KEKERASAN seksual terhadap anak adalah kejahatan yang paling keji. Trauma, gangguan tumbuh kembang, hingga rasa malu akan membayangi korban hingga dewasa. Kejahatan itu meninggalkan luka mendalam yang sulit sembuh.
Sebut saja NF (14) yang menjadi korban kekerasan seksual oknum Pusat Pelayanan Terpadu Pemberdayaan Perempuan dan Anak (P2TP2A) Lampung Timur, Dian Ansori. NF yang seharusnya mendapat pendampingan, justru kembali menjadi objek kekerasan seksual.
Keluar dari mulut harimau, masuk ke mulut buaya. Dian Ansori kemudian menjadikan NF pekerja seks dan mengeruk keuntungan materi darinya. Petugas rehabilitasi itu ternyata predator buas yang punya seribu satu cara mengeksploitasi anak habis-habisan.
Data dari Rumah Perempuan dan Anak Lampung menyebutkan selama JanuariāNovember 2020 terdapat 300 kasus kekerasan pada anak. Untuk tingkat nasional, Kementerian Pemberdayaan Perempuan dan Perlindungan Anak merilis ada 4.116 kasus kekerasan anak di Indonesia sejak Januariā31 Juli 2020. Angka korban kekerasan meningkat signifikan dibanding tahun sebelumnya.

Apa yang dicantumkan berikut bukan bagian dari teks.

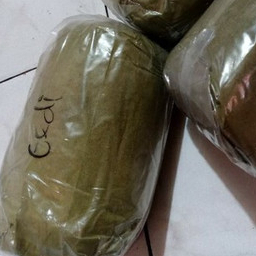 

TERBAIK BUBUK DAUN GEDI KERING/AIBIKA KERING HERBAL 250 GRAM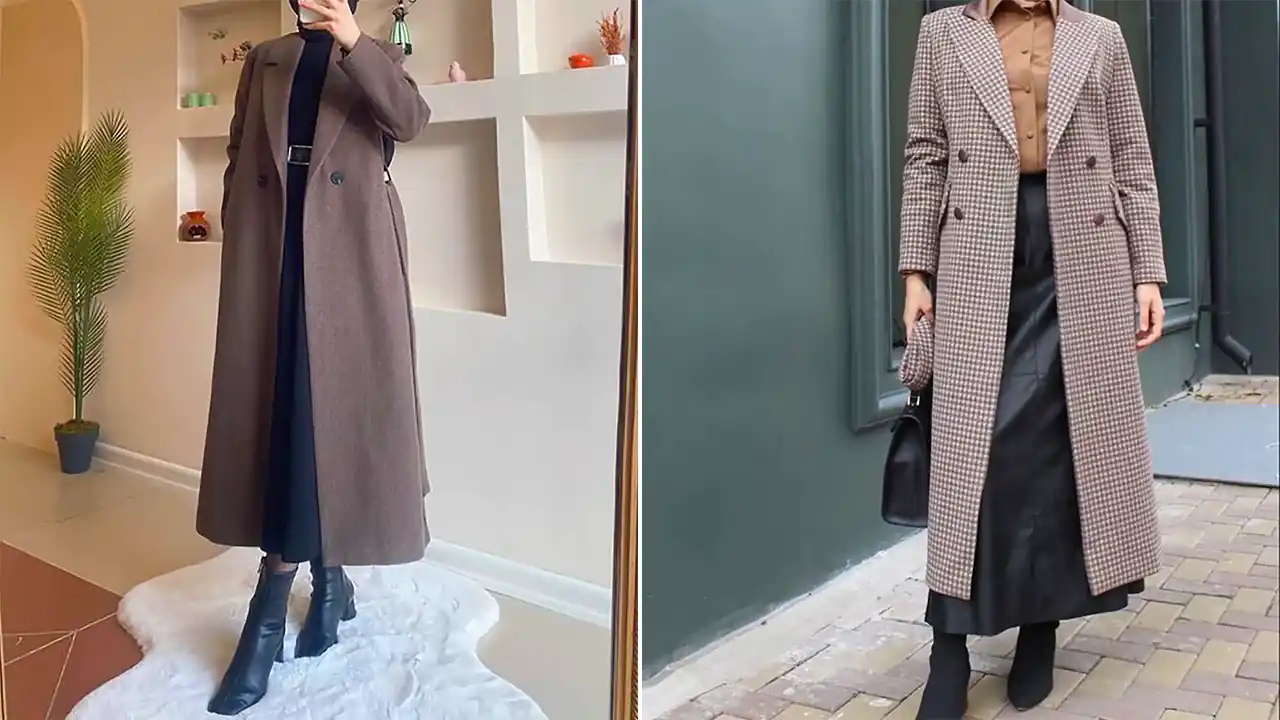 بارونی خاص و جذاب زنانه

Data itu adalah alarm yang menandakan kegentingan. Ada ribuan anak yang terancam. Oleh sebab itu, sudah tepatlah Presiden Joko Widodo meneken Perppu Nomor:1/2016 tentang Perubahan Kedua UU No 23/2002 tentang Perlindungan Anak. Payung hukum itu mengatur pemberatan pidana tambahan dan tindakan lain bagi pelaku kekerasan anak dan pencabulan. Pidana tambahan tersebut di antaranya pengumuman identitas pelaku dan tindakan kebiri kimia.
Penambahan itu menjadi ruang bagi hakim untuk memberi hukuman seberat-beratnya untuk menimbulkan efek jera pada pelaku. Tiga srikandi Pengadilan Negeri Sukadana, Lampung Timur, yakni Etik Purwaningsih, Ratna Widianing Putri, dan Liswerny Rengsina Debataraja, memanfaatkan ruang tersebut secara optimal. Majelis Hakim menjatuhkan vonis penjara 20 tahun kepada Dian Ansori serta kebiri kimia, didenda Rp800 juta, danĀ harus membayar restitusi Rp7 juta terhadap korban.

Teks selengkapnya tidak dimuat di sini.